Experts examine management of ECOWAS Customs union

Tue, Nov 21, 2017 | By publisher


Business

 

THE first meeting of the joint ECOWAS-UEMOA Committee for the management of the ECOWAS Customs Union began in Abuja, Nigeria on November 20, 2017.

Delegates at the meeting drawn from ECOWAS Member States, will brief the Committee on the state of implementation of the ECOWAS Common External Tariff, CET, in their respective countries and discuss the revised text on the ECOWAS Trade liberalization Scheme, ETLS.

Declaring the meeting open on behalf of Laouali Chaibou, the ECOWAS Commission’s commissioner for Trade, Customs and Free Movement, Felix Kwame Kwakye, the principal programmes officer, Customs Procedure, maintained that a harmonised, functional Customs union for West Africa is central to economic integration hence the issues to be discussed at the meeting “go well beyond the ECOWAS Common External tariff.”

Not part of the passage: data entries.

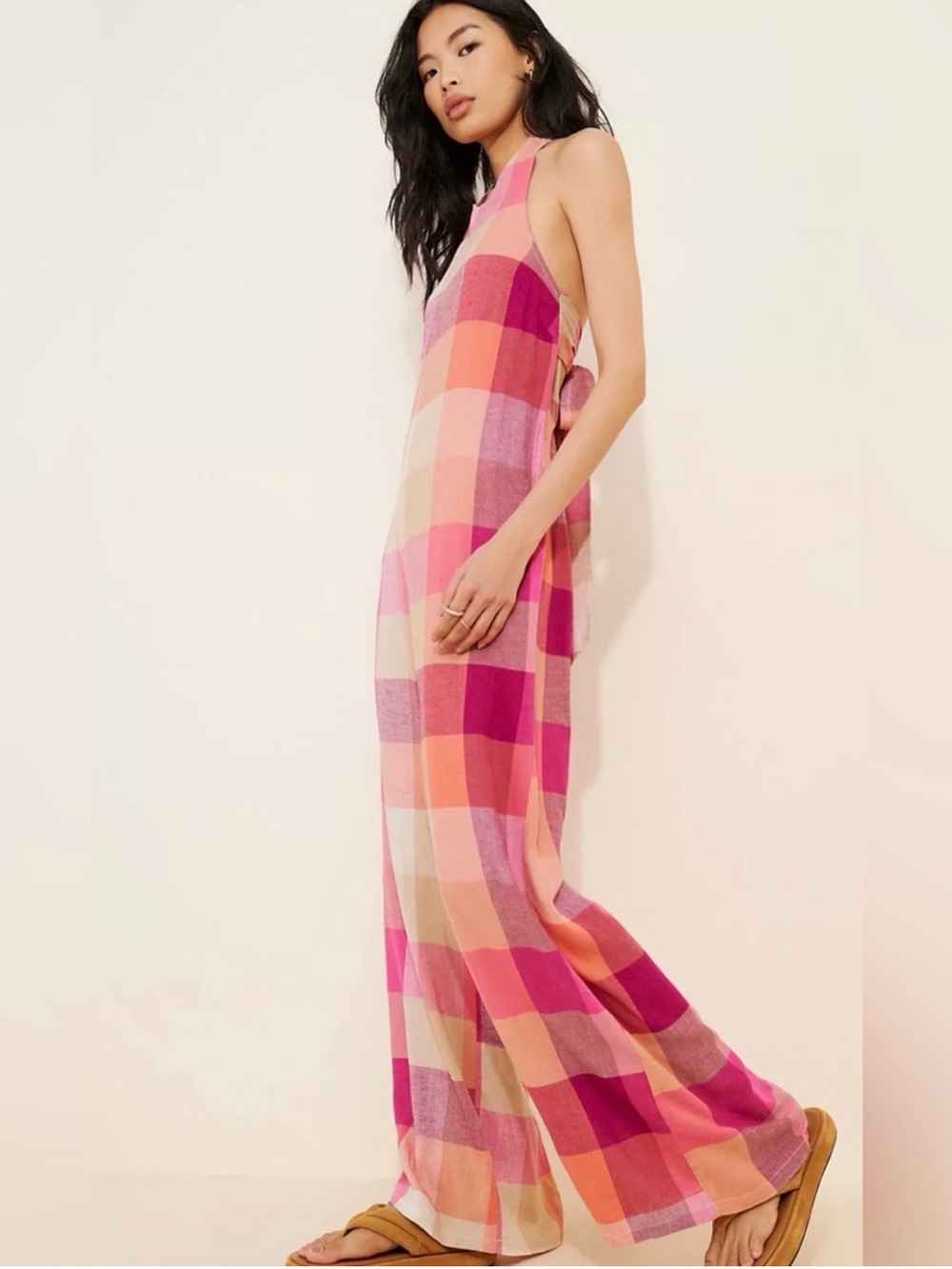 Free People Native Youth Pink Plaid Halter Wide Leg Jumpsuit Small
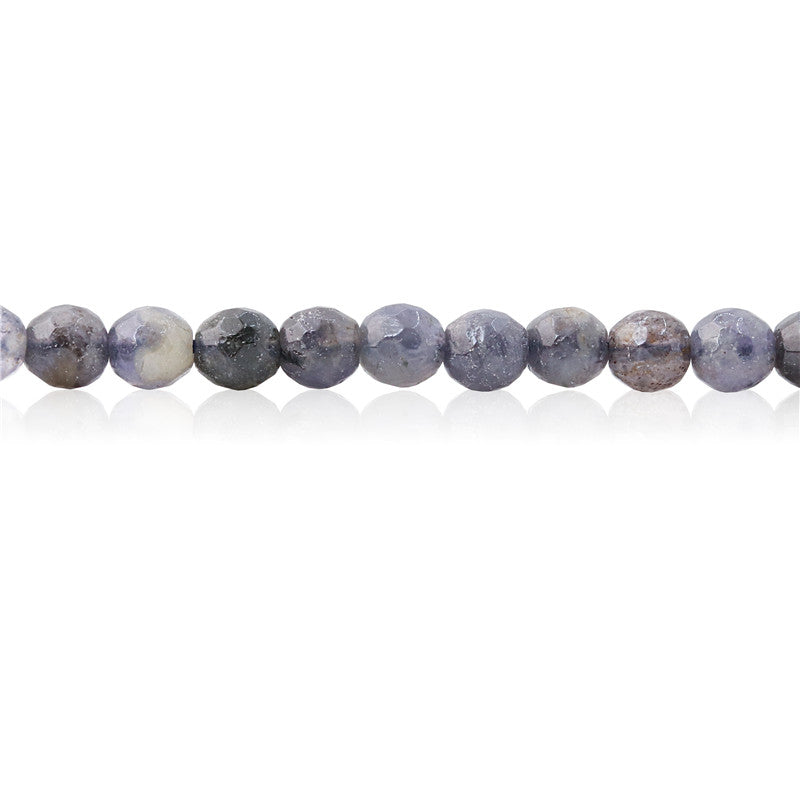 Perles rondes en cordiérite iolite naturelle facette trou 6mm trou 0.8mm environ 70pcs 39cm sur fil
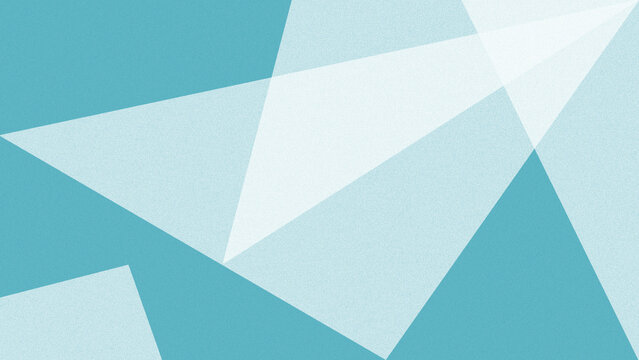 Abstract geometric background with overlapping blue and white triangle shapes with noise texture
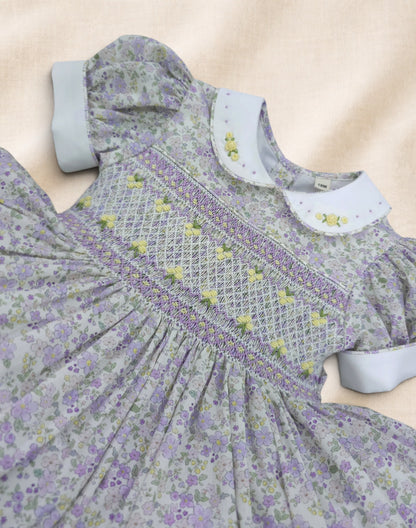Lilac Floral Hand-Smocked back and front Dress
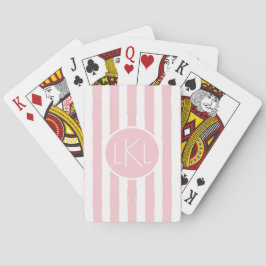 Monogrammofoonroze stripkaart voor kaartspellen pokerkaarten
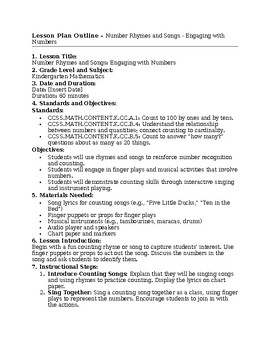 Preview of Lesson Plan Outline - Number Rhymes and Songs - Engaging with Numbers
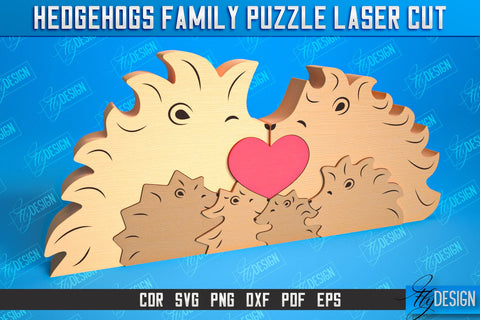 Hedgehogs Family Puzzle Bundle | Hedgehogs Puzzle Template | Eco-Friendly Gift | Home Décor | CNC File SVG Fly Design 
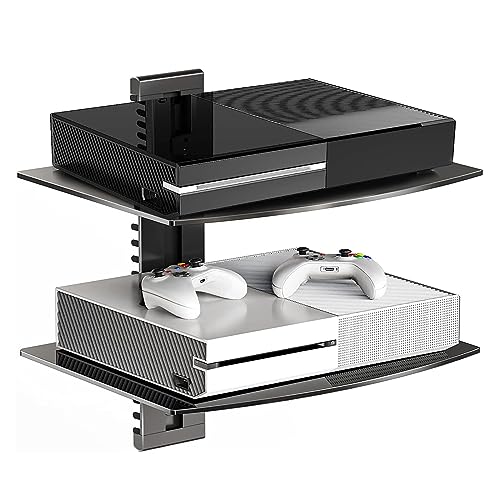 Suptek Glass Floating Shelves, TV Wall Mount with Shelf for DVD Player / PS4 / Cable Boxes/Game Consoles/Sky Box/TV Accessories, Flat Black 2-Tier Wall Mount Bracket - color: Black 2 Tier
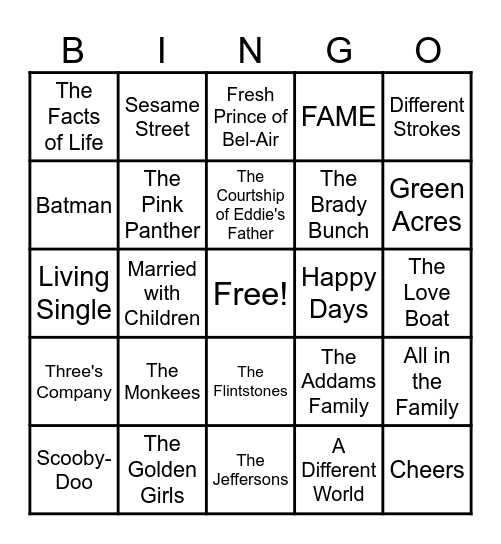 THEME SONGS Bingo Card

He said the expectation of the commission is for the committee to “work assiduously towards the consolidation of the ECOWAS Customs union and deepen the economic integration of our dear region.”

He reminded the delegates of the recommendation made two years to the effect of the establishment of the joint Committee for the management of the ECOWAS customs union to replace the Joint CET Management Committee which was created by a decision of the ECOWAS Heads of States and Government in January 2006.

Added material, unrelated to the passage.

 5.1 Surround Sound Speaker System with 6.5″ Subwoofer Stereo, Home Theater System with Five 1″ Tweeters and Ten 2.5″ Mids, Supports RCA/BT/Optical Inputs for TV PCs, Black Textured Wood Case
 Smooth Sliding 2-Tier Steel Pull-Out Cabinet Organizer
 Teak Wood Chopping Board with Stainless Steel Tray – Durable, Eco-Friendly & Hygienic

According to him, this was necessitated by the need to give the new committee the broader mandate to take on other customs union-related matters such as trade liberalization, trade facilitation, etc. which fall outside the purview of the CET management committee.

The commissioner expressed the appreciation of the ECOWAS Commission to partners such as Gesellschaft für Internationale Zusammenarbeit, GIZ, European Union, EU, as well as the United States Agency for International Development, USAID, for their continued support to the integration programmes of the Commission.

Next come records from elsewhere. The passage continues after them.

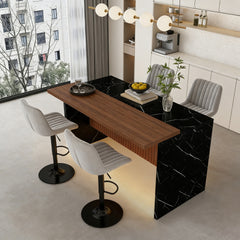 63" Modern Kitchen Island Set with 4 Gray Bar Stools - Black Marble Look Surface, LED Lighting & Grill Design for Dining Room, Open Concept Spaces, Lounge(4 Gray Bar Stools)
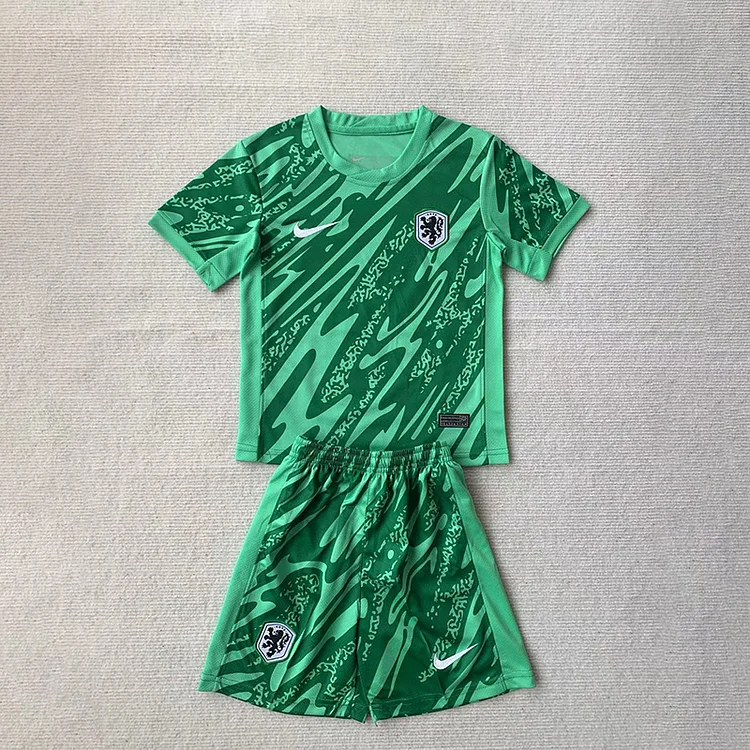 24/25 Netherlands Green Goalkeeper Jersey - Kids Kit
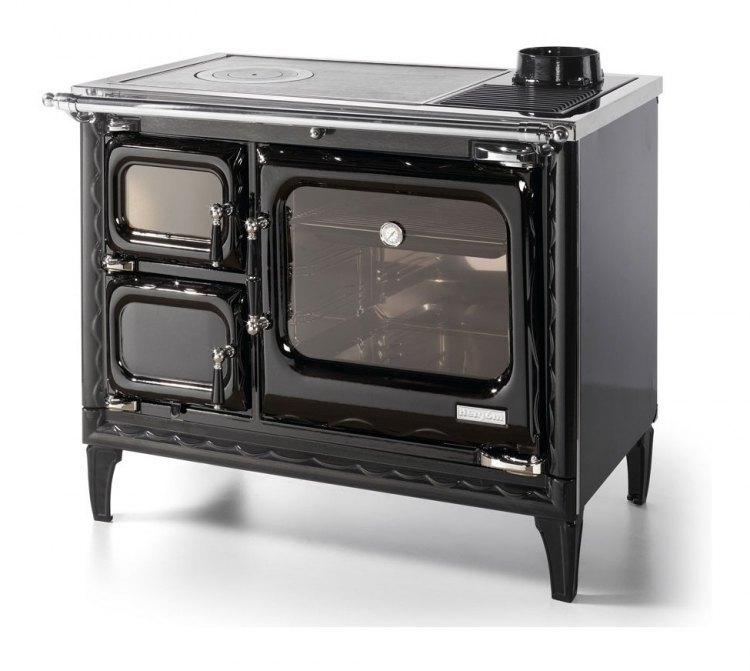 Печь-плита Deva II 100, чугун, хром, черная (Hergom)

Ludwig Kirchner, head, GIZ-ECOWAS Support Programme, remarked that his organization deems it fit to lend necessary support towards the achievement of a common customs union in furtherance of the integration of West Africa.

Alain Seraphin Pykbougoum, the director of Customs at the UEMOA Commission, gave a rundown of the collaborative efforts of the two Commissions and highlighted other relevant issues which due for further productive deliberations.

The issues revolved around Free Movement, rules of origin, certificate of origin, trade facilitation as well as modernization of customs operations among others.

The joint ECOWAS-UEMOA Committee was approved by the ECOWAS Council of ministers and eventually adopted by the Authority of Heads of States and Government in December 2016.

The experts meeting which will close after deliberating on the 60th session of the ECOWAS Technical Committee on Trade, Customs and Free movement of Persons, is a precursor to the Directors-General of Customs and the ECOWAS Ministers of Finance Meetings which are also holding at the ECOWAS Commission headquarters.